━━━ Available records ━━━

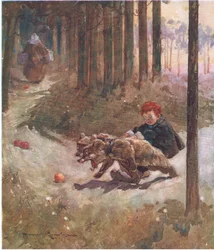 Egy problémás csapat (színes litho)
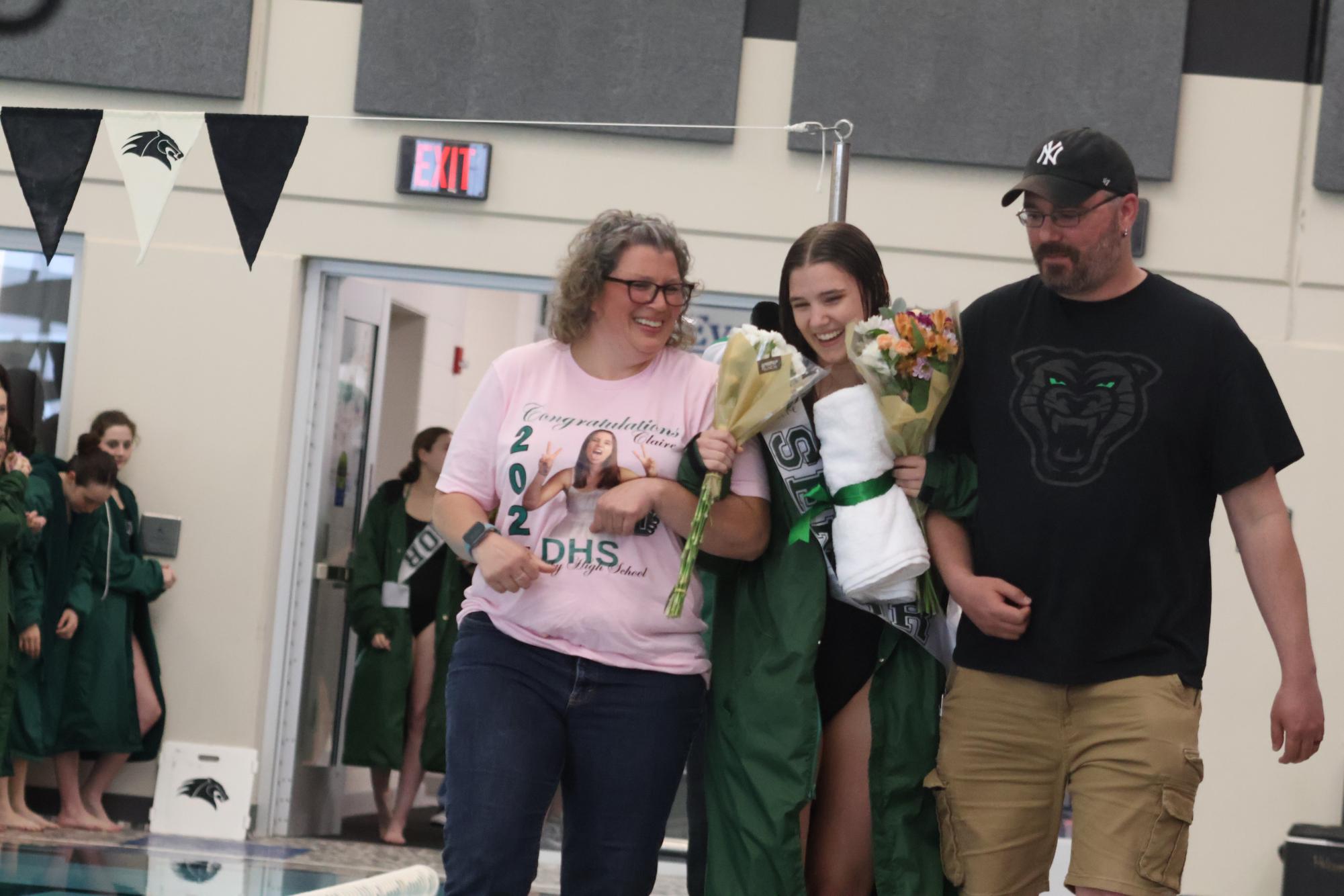 Senior night girls swim and dive (Photos by Sophia Rogers)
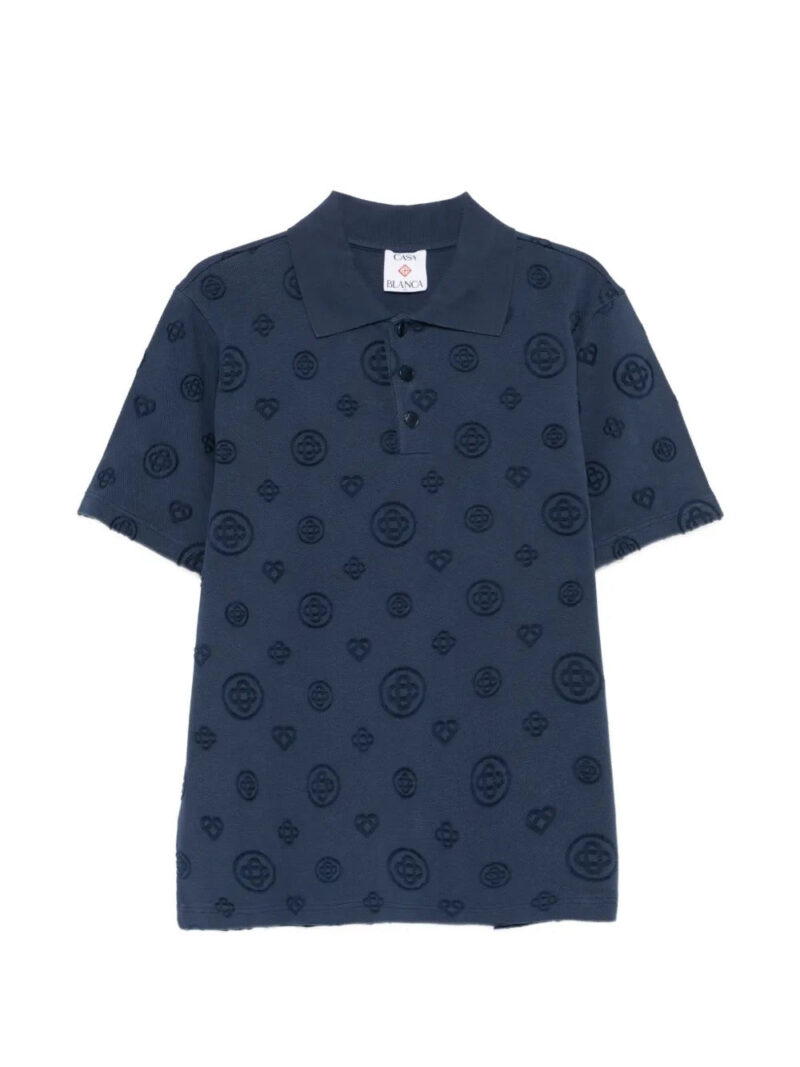 Casablanca  monogram polo shirt
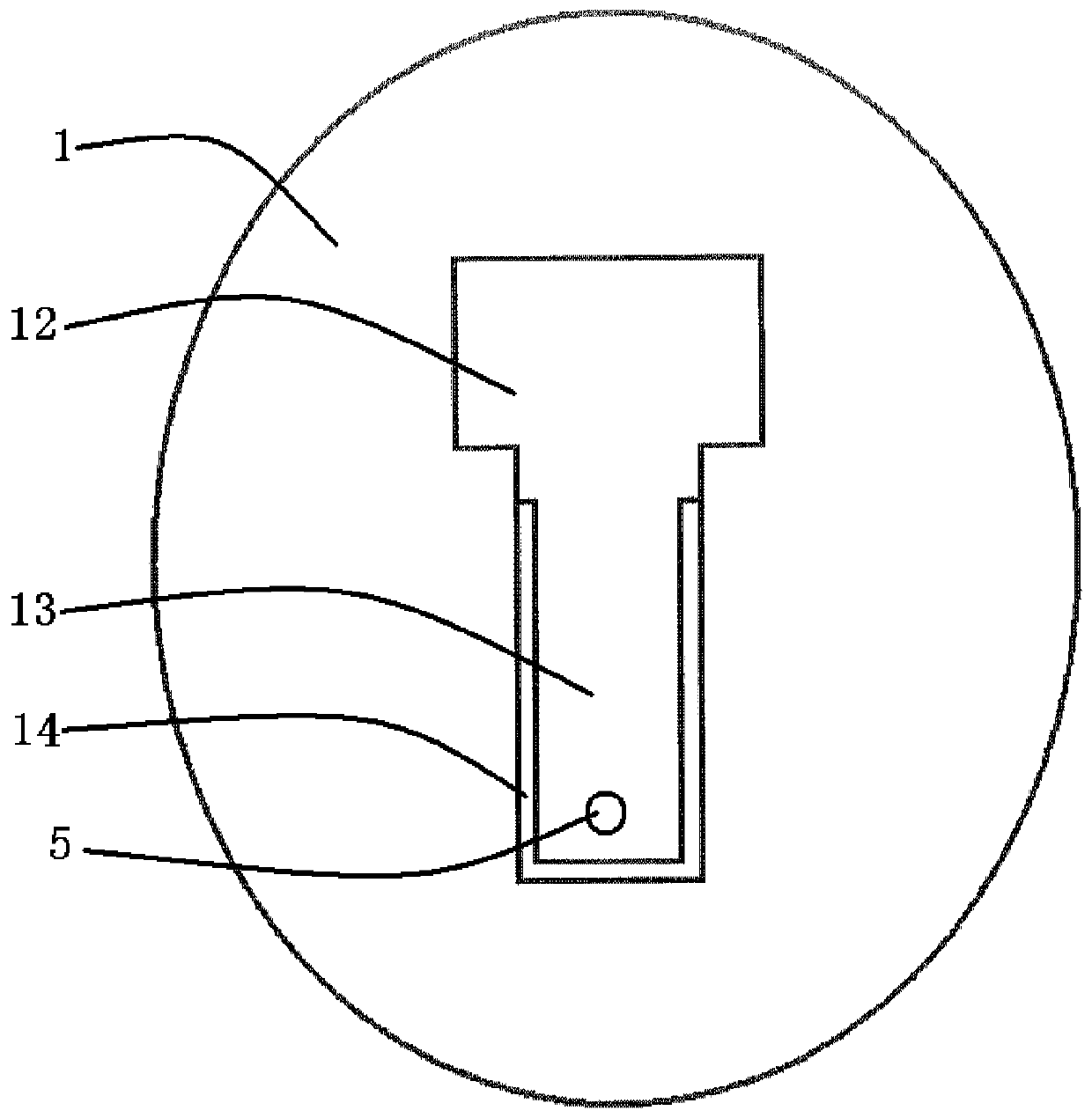 Method for installing thermocouple on inner wall of shell of high temperature container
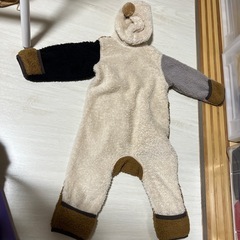 ブリーズ　ファーフリースロンパースの画像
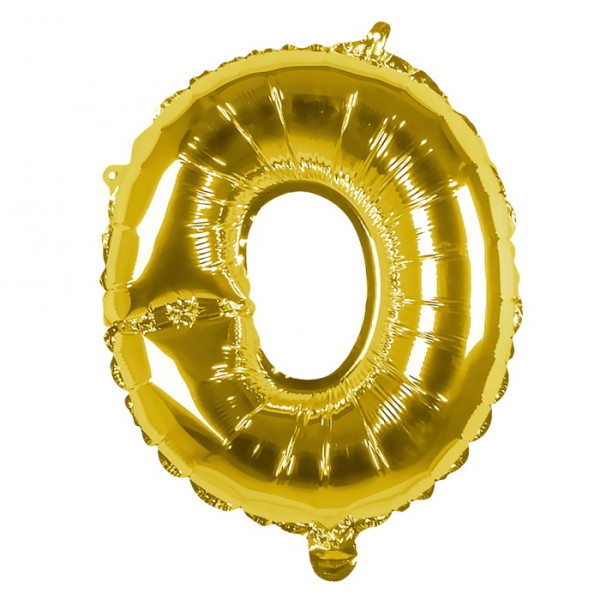 Globo Foil de Letra O de 36 Centímetros de color Oro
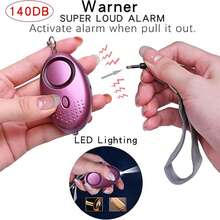 16 Pcs Self Defense Keychain Set, Women's Holiday Gifts, Personal Alarm,  Wallet And Silicone Bead Bracelet,Whistle, Bottle Opener, Lipstick Holder - 彩色 - 查看 4
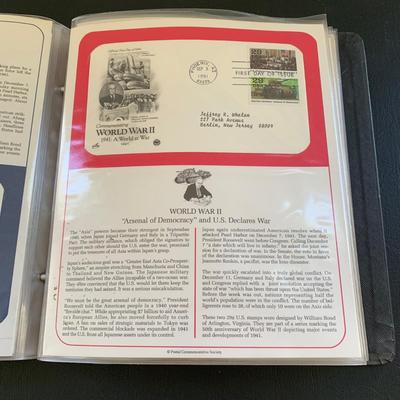 LOT 113 M: Various Stamp Collection; John Wayne, Carl Sandburg, U.S. First Day Covers & Special Covers Book, & More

━━━

#### [Directions]
The data above should be repeated exactly, minus any pictures.

#### [Exercise result]
 Egy problémás csapat (színes litho)
 Senior night girls swim and dive (Photos by Sophia Rogers)
 Casablanca  monogram polo shirt
 Method for installing thermocouple on inner wall of shell of high temperature container
 ブリーズ　ファーフリースロンパースの画像
 Globo Foil de Letra O de 36 Centímetros de color Oro
 16 Pcs Self Defense Keychain Set, Women's Holiday Gifts, Personal Alarm,  Wallet And Silicone Bead Bracelet,Whistle, Bottle Opener, Lipstick Holder - 彩色 - 查看 4
 LOT 113 M: Various Stamp Collection; John Wayne, Carl Sandburg, U.S. First Day Covers & Special Covers Book, & More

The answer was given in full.